Employers commonly use the H-1B category to hire professionals who have unique skill sets or education in hard to find niches including but not limited to sectors of the scientific, engineering, computer science, finance, or marketing fields. H-1B extension petitions are not subject to the H-1B cap, and some employers, such as colleges and universities, are exempt from the H-1B annual limits entirely.

August 2010 Visa Bulletin -- EB-2 and EB-3 Categories Advance

The U.S. State Department (DOS)'s August Visa Bulletin reflects some movement in the permanent resident or "green card" Employment Second Preference (EB2) and Third Preference (EB3) categories. The EB2 "all chargeability" category remains current, the cutoff date for EB2 India advances five months to March 1, 2006, and the cutoff date for EB2 China advances 13 weeks to March 1, 2006. The EB3 all-chargeability advances 9½ months to June 1, 2004, and EB3 China advances five weeks to September 22, 2003. The cutoff date for EB-3 India advances five weeks to January 1, 2002. The Employment First Preference category remains current across-the-board.

National Guard to Support Law Enforcement Along the Southwest Border

The Obama administration announced that it will begin deploying 1,200 National Guard troops to the Southwest border beginning on August 1, 2010. This deployment comes as part of the administration's efforts to combat the transnational criminal organizations that smuggle weapons, cash, and people across the Southwest border. Homeland Security Secretary, Janet Napolitano, stated that the National Guard "will provide direct support to federal law enforcement officers and agents working in high-risk areas to disrupt criminal organizations seeking to move people and goods illegally across the Southwest border." In addition, the President has also requested $600 million in supplemental funds for enhanced border protection and law enforcement activities.

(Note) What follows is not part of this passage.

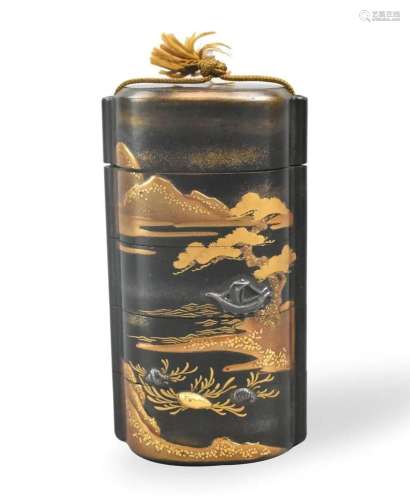 Japanese Lacquer Inro w/ Mixed Metal Inlaid,Edo P.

Changes to Payment Options at USCIS Offices

Cash will no longer be accepted at U.S. Citizenship and Immigration Services (CIS) domestic offices and U.S. territories effective October 1, 2010. CIS states that "eliminating the acceptance of cash will reduce...operating costs." CIS customers may pay using checks (including personal checks), money orders, and credit cards. Checks and money orders must be made payable to the U.S. Department of Homeland Security.